Umgang mit Ghadhafi Bildern in den Medien

Rhetorik.ch Artikel zum Thema:
Der Forschungsbereich Öffentlichkeit und Gesellschaft (Fög) der Universität Zürich behandelt auf Qualitaet der Medien den Umgang mit Ghadhafi Bildern in den Medien.



GHADHAFI-BILDER IN SCHWEIZER MEDIEN . WIE VIEL IST ZU VIEL?

fög / Universität Zürich

Autoren: Mark Eisenegger / Sibylle Oetiker / Mario Schranz

ZÜRICH, 8. DEZEMBER 2011

Die Veröffentlichung der Todesbilder des ehe maligen
libyschen Machthabers Muammar Ghadhafi hat auch in der Schweiz zu
einer medienethischen Kontroverse geführt. Was dürfen und
müssen Medien zeigen? Wo werden die Grenzen des ethisch Vertretbaren
überschritten?  Eine Analyse zu dieser Problematik zeigt, dass
es Vertreter der Boulevardpresse und die überwiegende Zahl von
Online-Newssites sind, welche sich nicht an ethische Richtlinien
hielten. Im Gegensatz dazu war die Berichterstattung der meisten
Abonnements- und Sonntagszeitungen an ethischen Kriterien orientiert.
Die Nachrichtensendungen des TV liegen zwischen diesen Polen.

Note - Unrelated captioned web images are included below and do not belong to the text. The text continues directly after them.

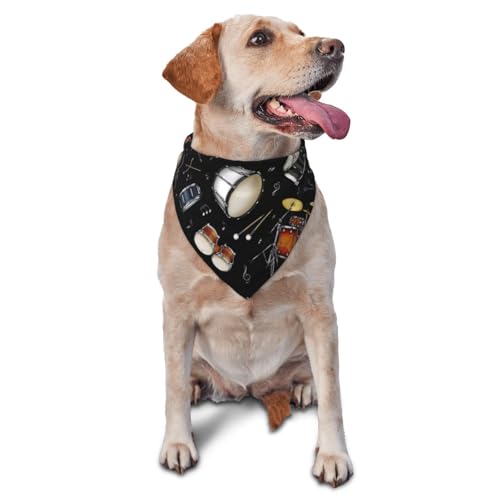 Rock DrumDog Bandanas Katze Welpen Schals Waschbar Haustier Taschentuch von YOFIEN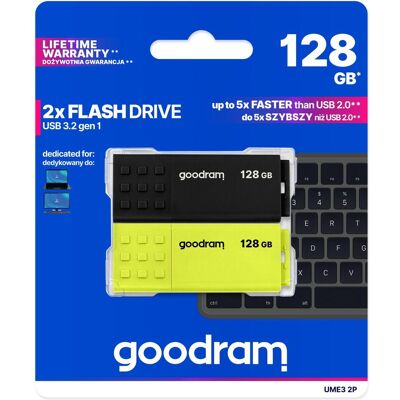 GOODRAM 2-PACK UME3-1280MXR11-2P (128 GB, USB-A), USB Stick, Gelb, Rot, Schwarz, Weiss GOODRAM 2-PACK UME3-1280MXR11-2P (128 GB, USB-A), USB Stick, Gelb, Rot, Schwarz, Weiss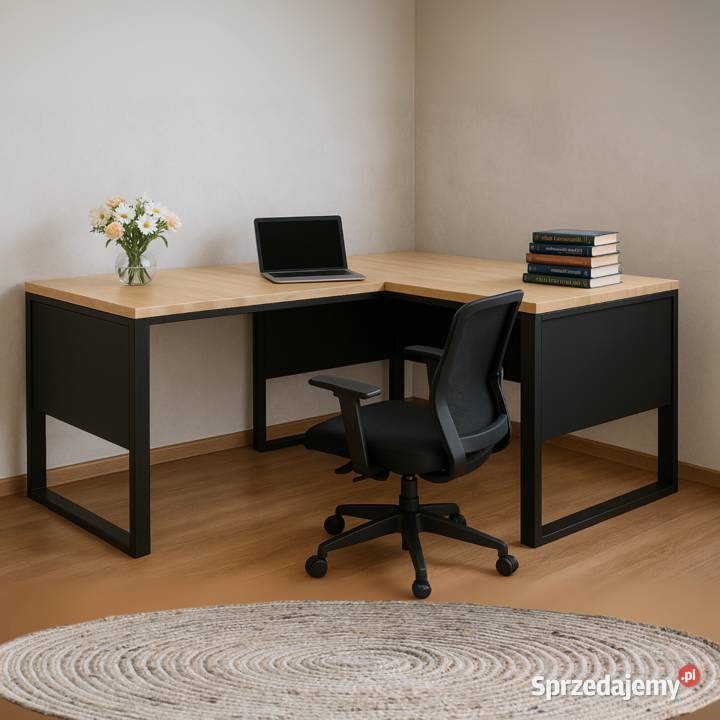 Biurko Narożne Drewno Dębowe Stalowy Stelaż z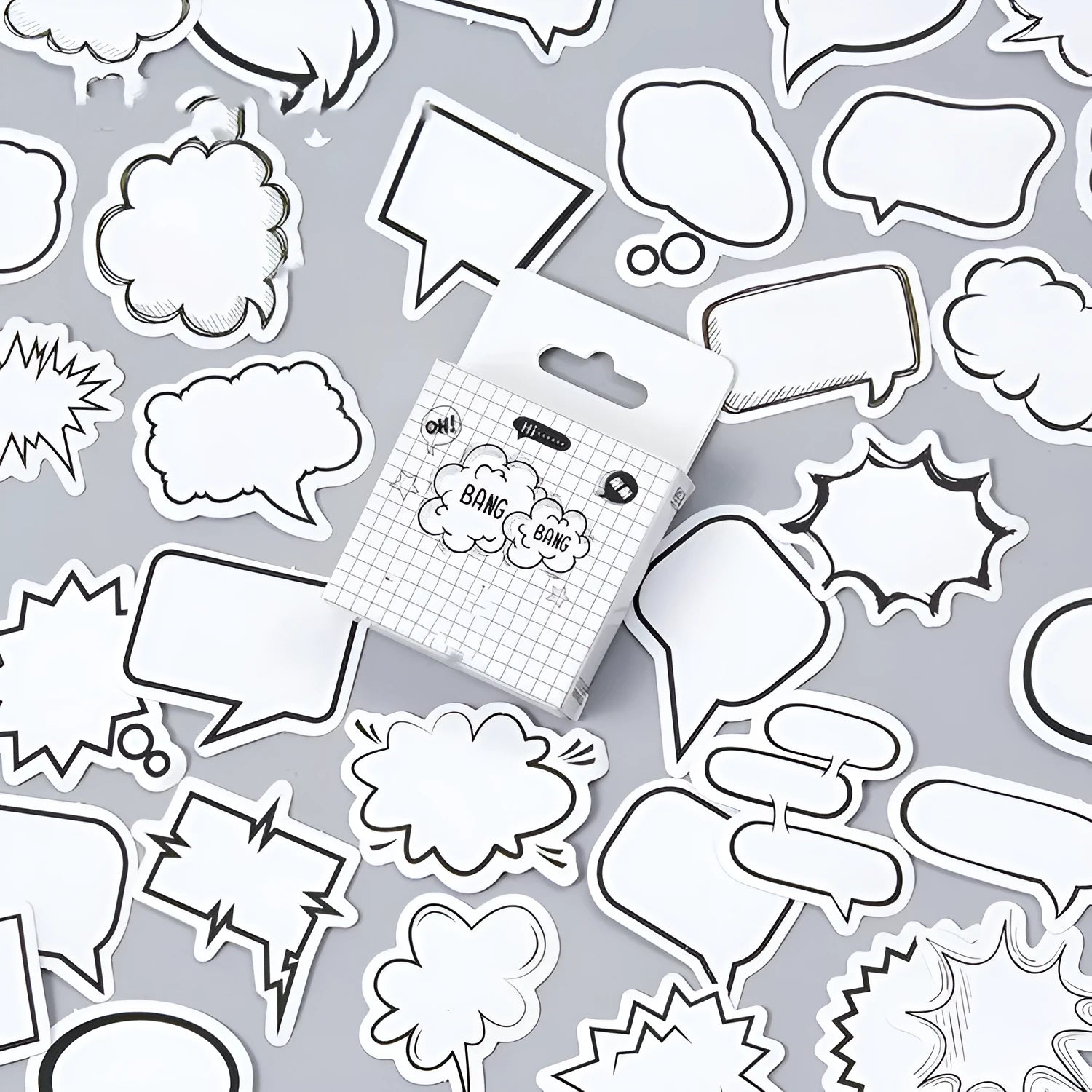 Momo Original box containing 45 black and white bubble design stickers for craft decoration.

Die Berichterstattung über den Tod von Muammar Ghadhafi bzw. die
Bilder, die in diesem Zusammenhang in die Medien gelangten, haben weltweit
eine Debatte darüber ausgelöst, was aus einem medienethischen
Standpunkt noch zulässig ist und wann die Grenzen des Zumutbaren
überschritten werden.  Insbesondere die Bild- und Videosequenzen
seiner tumultartigen Festnahme in Sirte und die kurz darauf gezeigten
Bilder des toten Diktators haben kritische Fragen aufgeworfen:
Dürfen Bilder des getöteten Machthabers prominent gezeigt
werden? Und dürfen die mit Handykameras gedrehten Amateurvideos
der Widerstandskämpfer, welche das Sterben des ehemaligen libyschen
Machthabers festhalten, gesendet bzw. zur Verfügung gestellt werden?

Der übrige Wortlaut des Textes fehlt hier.